Its botanic name Buxus comes from the Greek word puksos, meaning ‘dense’, because of its very hard wood, which is second only to ebony as the hardest wood of all. Because of this feature, craftsmen, lathe operators, cabinet makers, sculptors and artists have used it to create masterpieces. Eternity symbol for the Gauls, boxwood (known as box in the UK) soon became a holy plant in many religions. In horticulture, it is highly regarded for topiary works, but above all, Buxus is very suitable for creating amazing bonsai.
- Common name: Boxwood, the common box, or European box
- Genus: Buxus
- Higher taxon: Eudicots
- Species: Buxus sempervirens L
- Skill level: Advanced
- Soil type: It’s a plant that prefers chalky soil. In Italy, it thrives on sub-alpine mountain slopes, favouring broadleaf woods. Found in undergrowth of flatlands up to mountainous areas, bluffs and dry chalky screed.
- Flower and fruit: The flowers are small and yellowish and they are monoecious with distinct male and female flowers on the same plant. The fruit is a small capsule with numerous seeds
- Foliage: The leaves are opposite, from round to lanceolate, leathery, and in general rather small. The most diffuse species in Italy are Buxus sempervirens and Buxus balearica, which is native to Sardinia and has larger, lighter green leaves than the former type and scented flowers.
- Bark: The trunk has dense branching and the bark is a light brown, which changes to grey with age.

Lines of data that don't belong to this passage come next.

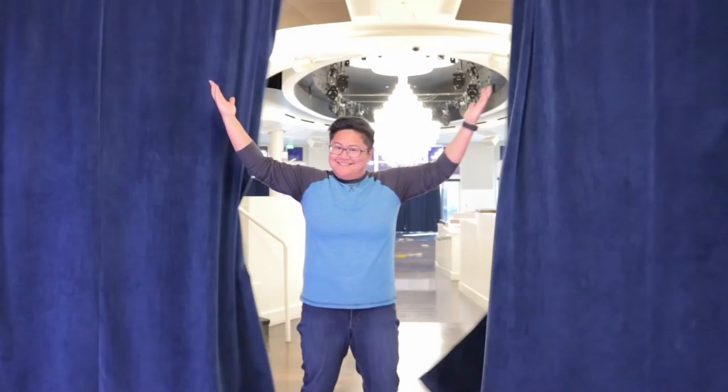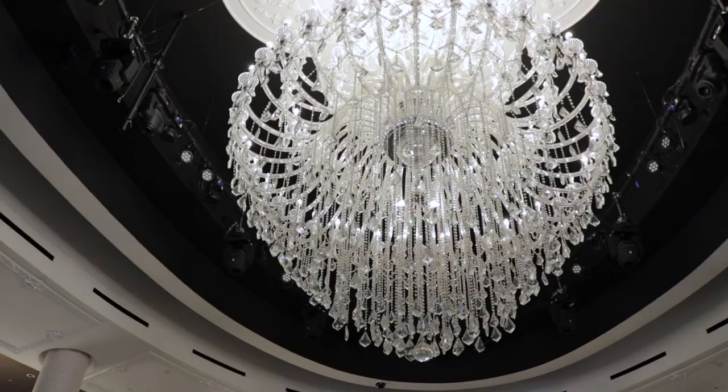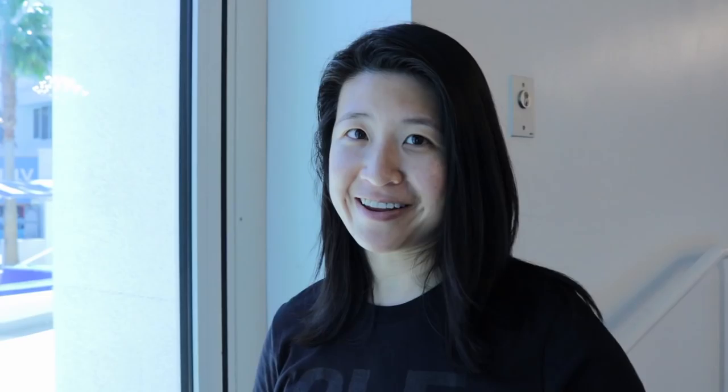I'd like to present to you the lavender roof. If you're coming to Ascension, this is what we have in store for you.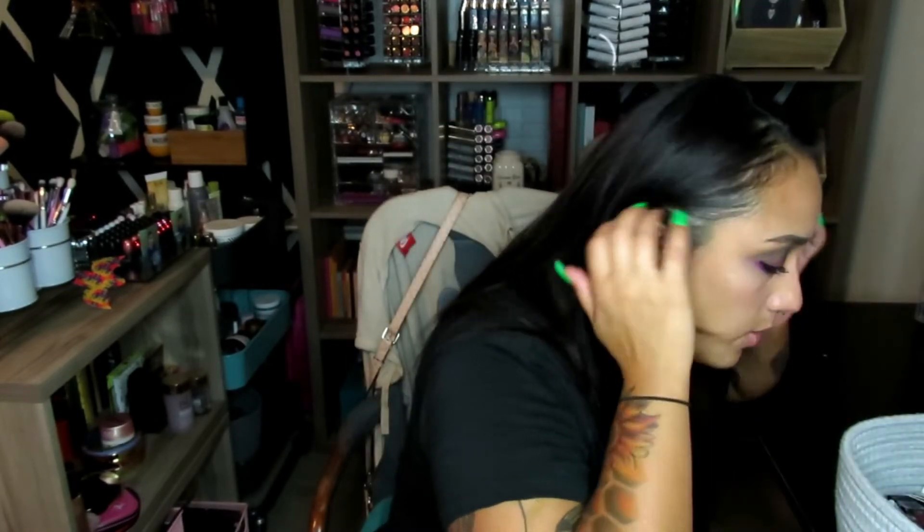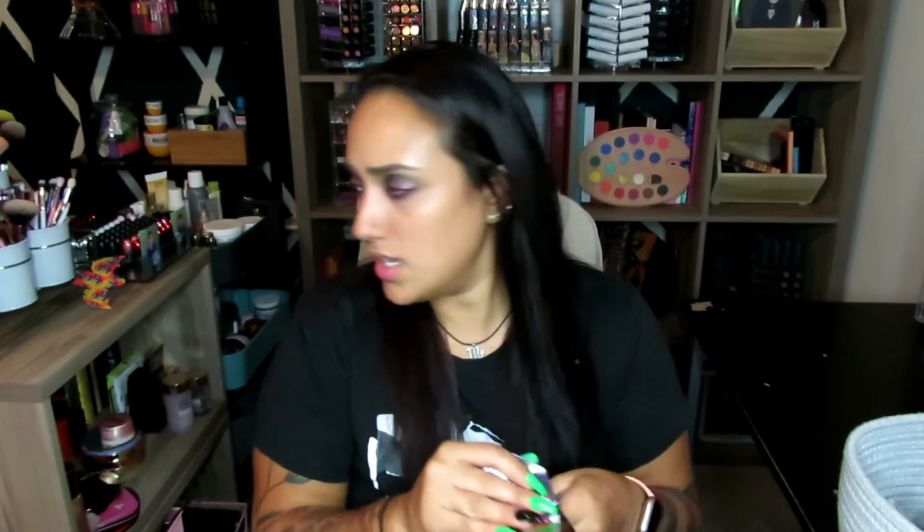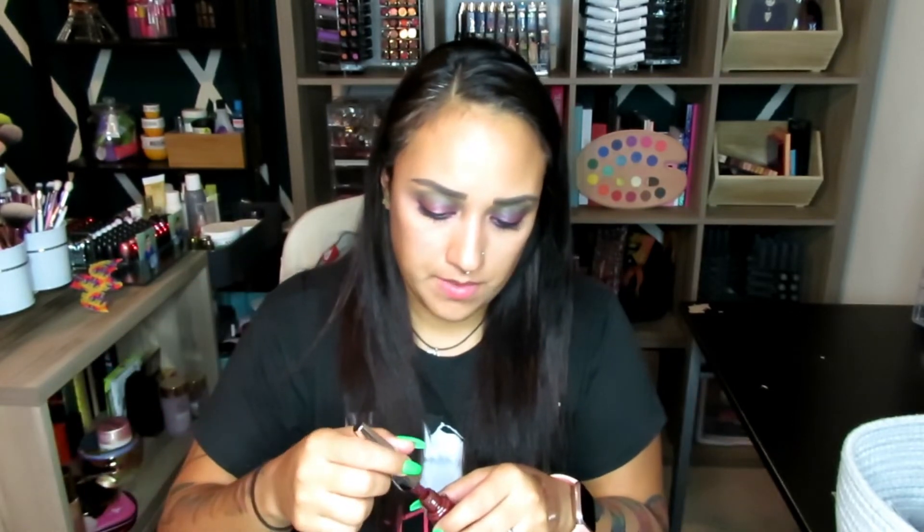Then we have another Fenty Beauty by Rihanna — it's a mini Little Stunna Lip in Underdog. This is a new color for the holidays with pretty packaging. It is just this pretty purpley-brown color. Opening it up — wow, that is beautiful. It's more like a winey red. That's the new Fenty mini Lip Stunna. That's so pretty — all over my lips.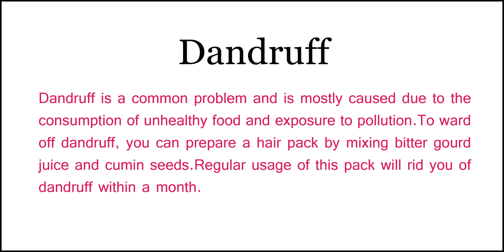Number 4: Dandruff. Dandruff is a common problem, and is mostly caused due to the consumption of unhealthy food and exposure to pollution. To ward off dandruff, you can prepare a hair pack by mixing bitter gourd juice and cumin seeds. Regular usage of this pack will rid you of dandruff within a month.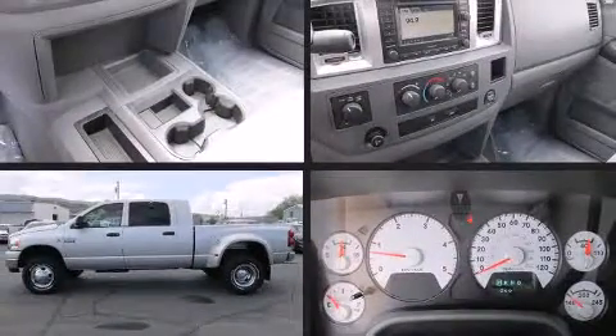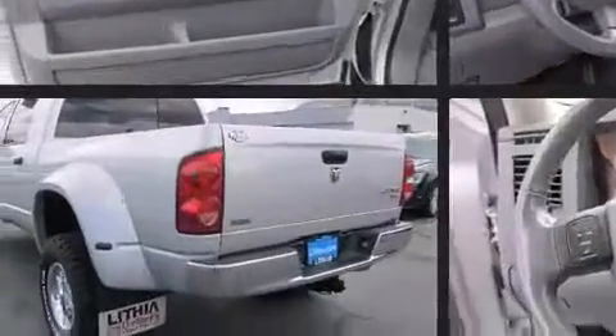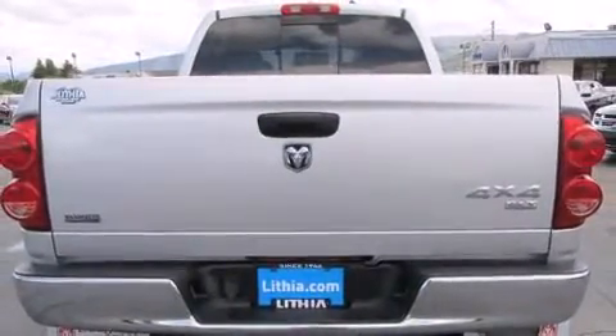You can expect a lot from the 2008 Dodge Ram 3500. It features a standard transmission, four-wheel drive, and a refined six-cylinder engine. The engine breathes better thanks to a turbocharger, improving both performance and economy.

You can propagate by taking cuttings of at least 10cm in length from September-March. It’s best to take them when they are dark green and have slight ramification. Make an incision of at least 2cm. Use rooting vitamin B1 to speed up the rooting.
Air layering: It’s possible to achieve interesting material through this technique or to improve its root base. Best time to start is April.
Look for old hedges or search in mountainous regions. Best time to collect, is March or April.
It’s difficult to obtain quality material that is old and has developed a good thick trunk. Ask your bonsai nursery if they have any suitable material in stock.
Does not like frosty winds and frosts in general. Protect by sheltering in a cold frame. In the summer protect from hot sun. Semi shade is good spot for the tree.
To promote new shoots, remove leaves at the base of branches and leave only a few pairs of leaves at the tips. New shoots will emerge at the base of removed leaves.
Boxwood can be pruned after spring growth, which with stunning regularity produces 12 leaves on each shoot. No more, no less! Prune back to 2 leaves in April or May, depending on your climate. If you want to strengthen a branch, prune only when the colour of the new leaves matches the older ones. Take the opportunity of pruning to remove 3 year old yellowish leaves. As well as the aesthetic reasons, it also helps air and light to reach the centre of the crown.
Flower buds appear in July – easy to spot, being spherical and about 1.5 mm in diameter. It is best to remove them because they draw much of the tree’s energy, and also because at the leaves’ armpits where they grow, there will be no leaf buds the following year and no growth. If you realize a Buxus bonsai is producing too many flower buds, it could be caused by a nutrient deficiency. Try to add some trace elements.
How to promote back budding
When a Buxus is styled, foliage planes must be positioned flat like the shape of a hand. Do not try to give some volume to the pads, as is common with other species. If you leave a branch in a vertical position, only the apical buds will produce shoots. Flat pads will inhibit apical dominance. They will acquire volume later with back budding and increased ramification.
Sunlight will promote back budding at the ‘armpit’ of each leaf, sometimes even on the bare wood. Autumn budding is very unpredictable, unless the tree is styled in late summer. In that case, autumn budding can prove to be similar to a second spring.
The best time to repot is in early spring before growth commences. Buxus is tolerant to root pruning and will develop new roots easily. However, you can also repot during the dormant period (December-January) after you have pruned the foliage, but remember to protect it from the frost.
Repot every two years for younger trees, older trees every 3 to 4 years depending on the growth. Use a normal deciduous soil mix.
Any good draining chalky or alkaline soil will do. For optimum growth you need soil with a pH level of between 5.5 and 7.
Box prefers to have moist soil. Good drainage is important to allow it to grow healthily. In summer it needs plenty of water, don’t let it dry out. But don’t over water in winter.
This can be a problem because thick branches are rather brittle due to the absence of fibres in the wood, and therefore taking wire shaping less easily. Use immature branches that are still flexible and use aluminium wire.
Pests and diseases:
Box psyllids (psylla buxi): Sits on the tips of the leaves in spring and causes curling leafs and growth disturbance. Spray with insecticide at the end of winter to prevent infection.
Box mite (phytoptus canestrinii): Leaves acquire pale stripes or dots, which can be yellowish in colour. They will not harm the tree and can be tolerated. No amateur garden pesticides will have any effect.
Box with yellow leaves: When the box shows yellow leaf tips it is time to feed. It’s caused by a lack of fertiliser and chalk. Add chalk in November and fertilise in spring.